> _PROBLEM DESCRIPTION_:
Leave out the pictures and restate the rest of the data exactly.
SUPPLIED DATA below:
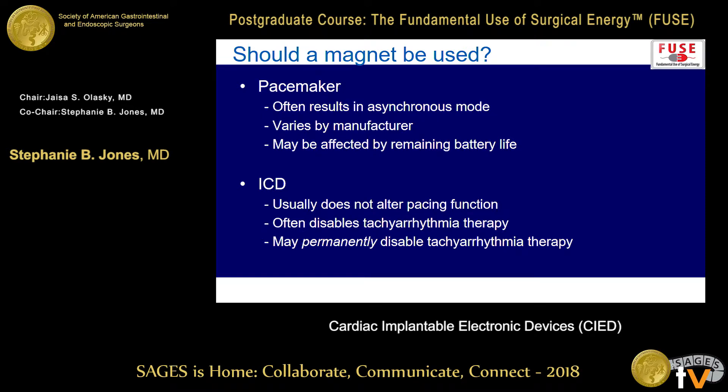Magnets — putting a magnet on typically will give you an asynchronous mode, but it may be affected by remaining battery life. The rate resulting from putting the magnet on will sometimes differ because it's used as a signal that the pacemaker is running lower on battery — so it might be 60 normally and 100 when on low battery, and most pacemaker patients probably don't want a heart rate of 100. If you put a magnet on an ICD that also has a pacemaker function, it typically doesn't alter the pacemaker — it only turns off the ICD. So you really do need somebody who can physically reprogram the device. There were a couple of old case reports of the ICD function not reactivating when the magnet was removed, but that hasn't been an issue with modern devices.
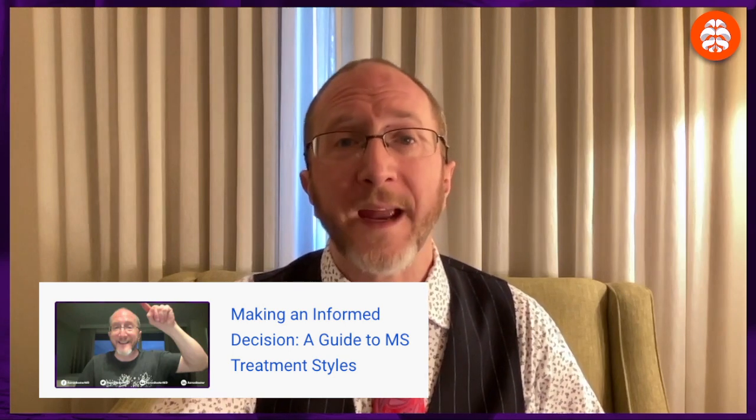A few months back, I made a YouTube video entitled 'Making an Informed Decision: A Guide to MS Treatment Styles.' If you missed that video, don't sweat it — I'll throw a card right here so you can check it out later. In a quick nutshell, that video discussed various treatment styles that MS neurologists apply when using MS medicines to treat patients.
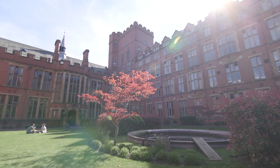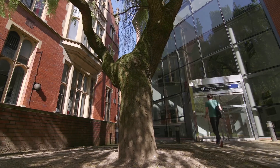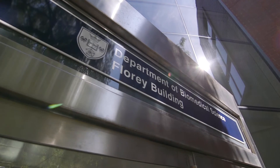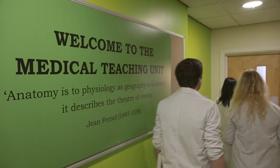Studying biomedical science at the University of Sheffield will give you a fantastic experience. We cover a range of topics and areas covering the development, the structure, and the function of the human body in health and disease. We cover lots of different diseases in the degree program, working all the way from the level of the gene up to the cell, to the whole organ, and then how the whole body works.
End of SUPPLIED DATA.
> _WRITTEN RESPONSE_:
Magnets — putting a magnet on typically will give you an asynchronous mode, but it may be affected by remaining battery life. The rate resulting from putting the magnet on will sometimes differ because it's used as a signal that the pacemaker is running lower on battery — so it might be 60 normally and 100 when on low battery, and most pacemaker patients probably don't want a heart rate of 100. If you put a magnet on an ICD that also has a pacemaker function, it typically doesn't alter the pacemaker — it only turns off the ICD. So you really do need somebody who can physically reprogram the device. There were a couple of old case reports of the ICD function not reactivating when the magnet was removed, but that hasn't been an issue with modern devices.
A few months back, I made a YouTube video entitled 'Making an Informed Decision: A Guide to MS Treatment Styles.' If you missed that video, don't sweat it — I'll throw a card right here so you can check it out later. In a quick nutshell, that video discussed various treatment styles that MS neurologists apply when using MS medicines to treat patients.
Studying biomedical science at the University of Sheffield will give you a fantastic experience. We cover a range of topics and areas covering the development, the structure, and the function of the human body in health and disease. We cover lots of different diseases in the degree program, working all the way from the level of the gene up to the cell, to the whole organ, and then how the whole body works.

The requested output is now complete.